Leverage your Academic Experience to Build a Community

Whether you are a student, staff or faculty member within a university, you are automatically part of the academic community. In this day of social networking, you likely have a LinkedIn profile with numerous personal and professional connections (and if you don’t yet, what are you waiting for?). You’ve begun to build your network.

Networks are important.

Often, we build our networks with others in our discipline, or with people with whom we share a professional role. However, I ask you to consider that networks can reach beyond disciplines to provide a broader, richer platform for building value, asking questions, and solving problems.

Networks are not communities, and communities are not disciplines. Communities are built around shared experiences, and more to the point, shared purpose. Communities are where we as humans come together to make change happen – across disciplines and through networks.

When I think about my own experience – past and present – I’ve noticed the academic environment provides numerous paths to building community. Here are my top five:  

  1. Say “Yes”

When I was an undergraduate, I said “yes” to a study abroad experience. Once overseas, I said “yes” to acting and singing in a play  -- something I never would have done stateside. When the show was over, a peer told me, “Anne, of all the times I’ve heard you sing your solo, tonight you were the most on–key.”
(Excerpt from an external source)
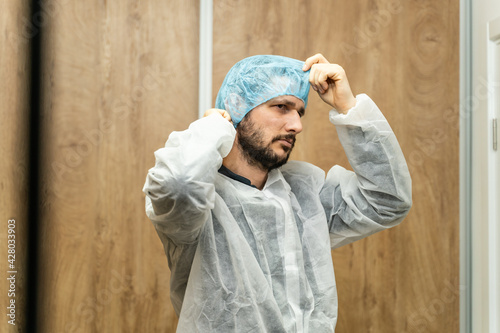 Portrait of caucasian man wearing protective mask and bouffant mob cap - Young male doctor or scientist getting ready for work in the laboratory hospital front view copy space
I met people in that play, and on that study aboard trip, who will be part of my personal support system and professional network forever. The experiences we share – funny, happy, sad, are what tie us together.
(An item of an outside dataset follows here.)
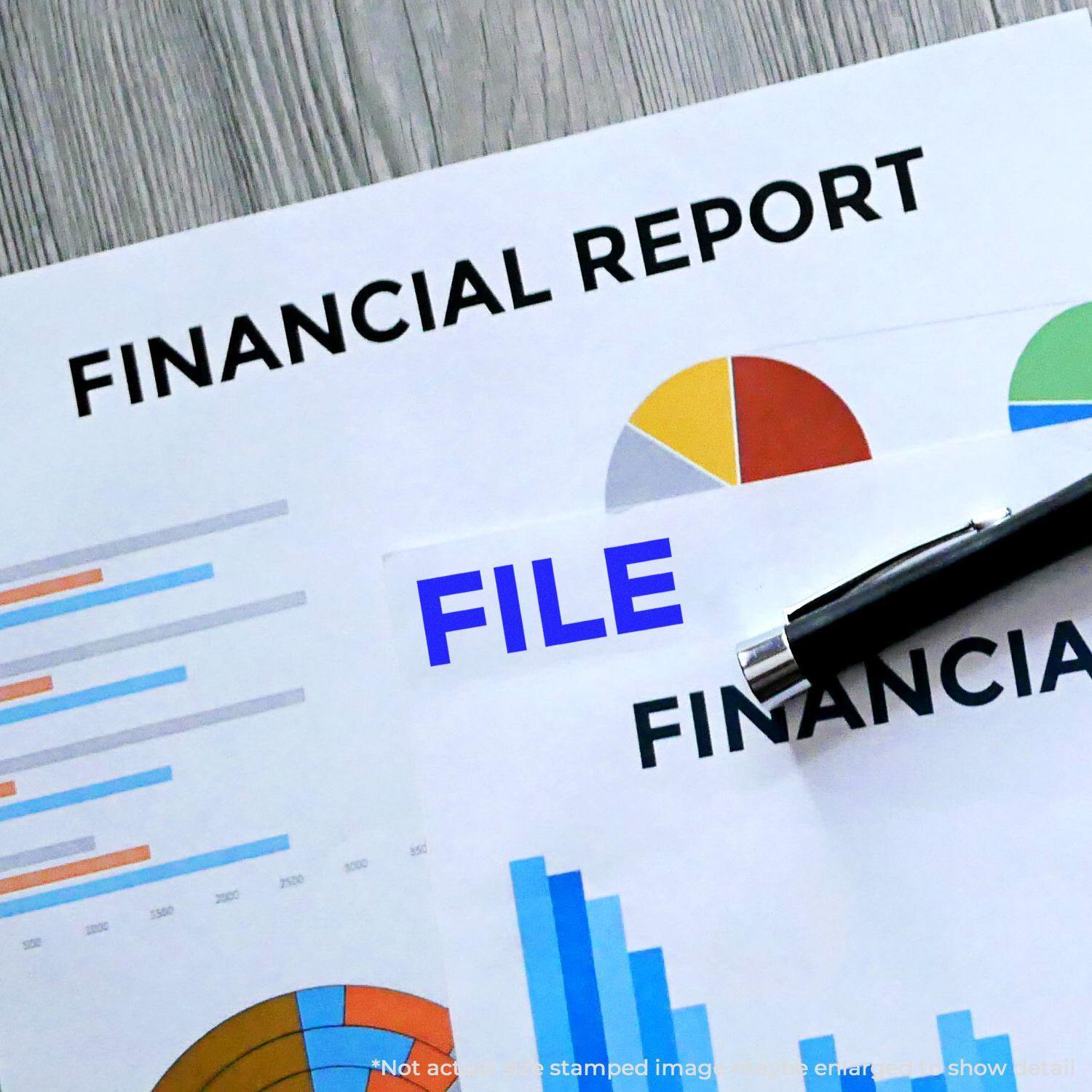 Financial reports with charts and graphs, a pen, and a Bold File Rubber Stamp marking FILE in blue on one document.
When I was in graduate school, I said “yes” to an opportunity to serve in a leadership role for the student body. In that role, I had an opportunity to meet someone who was able to help me find my dream job. The point is, I find that the more opportunities I take to say “yes,” the more opportunities make themselves available.

  1. Find your “why”

If you are a fan of Simon Sinek’s viral TED Talk, you already know that “People don’t buy into what you do, they buy into why you do it.” As you make connections, share your passions rather than the specifics of your work. When someone asks “What do you do?” tell them why you do what you do. And ask them what drives them to do what they do,  and see what develops. You could be expanding your network, and also building a community of connected individuals with shared purpose.

  1. Get an elevator pitch

Big breaks in career and life often involve a combination of luck and the ability to recognize opportunities as they present themselves. Professionally, this can take the form of the opportunity to meet someone with the ability to help you.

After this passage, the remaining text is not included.